Thanks, everyone, for your suggestions as to which Nobel laureate in literature I should try next. I may be able to return the favour by saying a little bit about Ivo Andrić, the Yugoslav writer of Bosnian Croat origin who won the prize in 1961, since I seem to be the only person of those who I’ve seen doing the meme who has actually read him.
I’ve read two books by Andrić, The Damned Yard, which is a collection of short stories, and Bridge on the Drina, probably his best known novel. The latter is a series of vignettes of the history of Višegrad and the bridge which links and separates the Serbs and Muslims of the town and their rulers, really great stuff once you get past the impaling in an early chapter. The former shows him at his best, in short stories; one in particular made a strong impression on me when I first read it – more on that in a moment. Also I picked up In The Days Of The Consuls, set in his native Travnik, when I was in Serbia a couple of weeks ago and it’s on my “to read” shelf.

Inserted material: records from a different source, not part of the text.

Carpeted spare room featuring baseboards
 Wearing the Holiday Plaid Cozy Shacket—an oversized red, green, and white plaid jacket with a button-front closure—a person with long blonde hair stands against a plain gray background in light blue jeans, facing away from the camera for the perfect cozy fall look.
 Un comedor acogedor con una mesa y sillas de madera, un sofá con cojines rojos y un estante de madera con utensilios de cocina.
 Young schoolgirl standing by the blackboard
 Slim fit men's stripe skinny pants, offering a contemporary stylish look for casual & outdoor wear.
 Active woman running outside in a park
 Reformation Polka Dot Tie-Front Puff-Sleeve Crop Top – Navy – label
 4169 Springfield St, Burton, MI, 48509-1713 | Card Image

Andrić does have the typical problem of the guy from a country background who migrated to the metropolis at an early stage and developed a condescension towards his original environment. In particular, his frequent portrayal of Bosnian Muslims as primitive “Turks” doesn’t go down well these days with the Bosniaks who fought a war to preserve their concept of a multi-ethnic state. I dunno myself; I grew up with people insisting that Northern Ireland used to be a “great wee place” before the Troubles, an earthly paradise where nothing went wrong. I heard a lot of that sort of talk when I was in Bosnia, and found Andrić a useful corrective.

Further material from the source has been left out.